Heinrich Glasmeyer (April 4, 1893 – January 2, 1974) was a German politician of the Centre Party and, later, the Christian Democratic Union (CDU). During the Weimar Republic, he was elected to the provincial parliament of the Province of Westphalia but was removed from this seat after the Nazi seizure of power. After the end of the Second World War, he returned to political life and was elected to the Bundestag where he served from 1949 to 1957.

== Early life, education and entry into politics ==
Glasmeyer was born in the village of Steinbeck, part of the municipality of Recke in Westphalia. He completed an apprenticeship as a journeyman baker. He then obtained his Abitur and volunteered for military service in World War I, serving from 1914 to 1918. After the war ended, he studyied political science and Catholic theology. In 1919, Glasmeyer joined the Catholic-oriented Centre Party. From 1922 onward, he worked as an independent farmer and earned a doctorate in 1926 with a dissertation on Bourgeois Society and Religion. He was elected as a deputy to the provincial parliament of the Province of Westphalia in the election of March 1933, but lost his seat after only a few months when the Nazi Party enacted a law banning all other political parties.

== Post-war return to politics ==
Glasmeyer returned to political activity in West Germany. In the 1949 federal elections, he was elected as a member of the Bundestag via the North Rhine-Westphalia state list for the Centre Party. He was a full member of the Committee for the Protection of the Constitution, the Committee for Equalization of Burdens and the Committee for ERP Issues.

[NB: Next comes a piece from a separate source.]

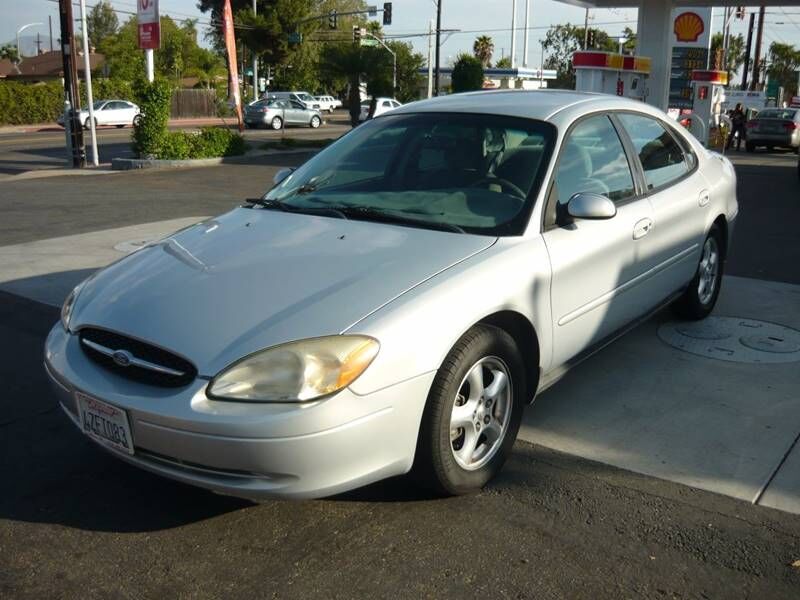 2003 FORD Taurus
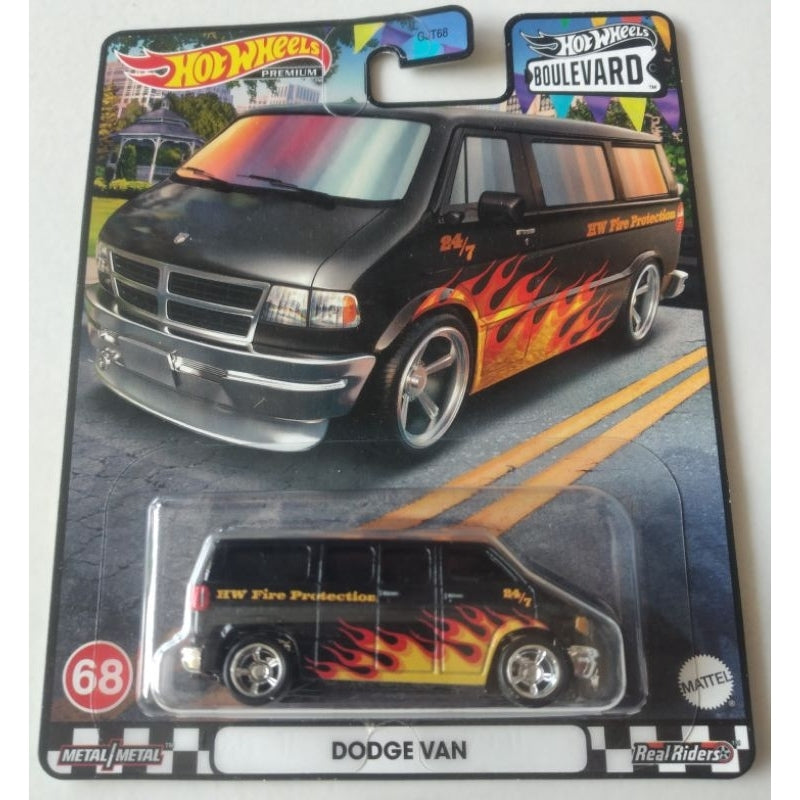 Hot Wheels Premium Boulevard #68 - Dodge Van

On 23 November 1951, he left the parliamentary group of the Centre Party and joined the Christian Democratic Union (CDU), for which he entered parliament in the 1953 federal elections, also via the North Rhine-Westphalia state list, and served until 1957.

== Sources ==
Herbst, Ludolf (2002). "Biographisches Handbuch der Mitglieder des Deutschen Bundestages. 1949–2002"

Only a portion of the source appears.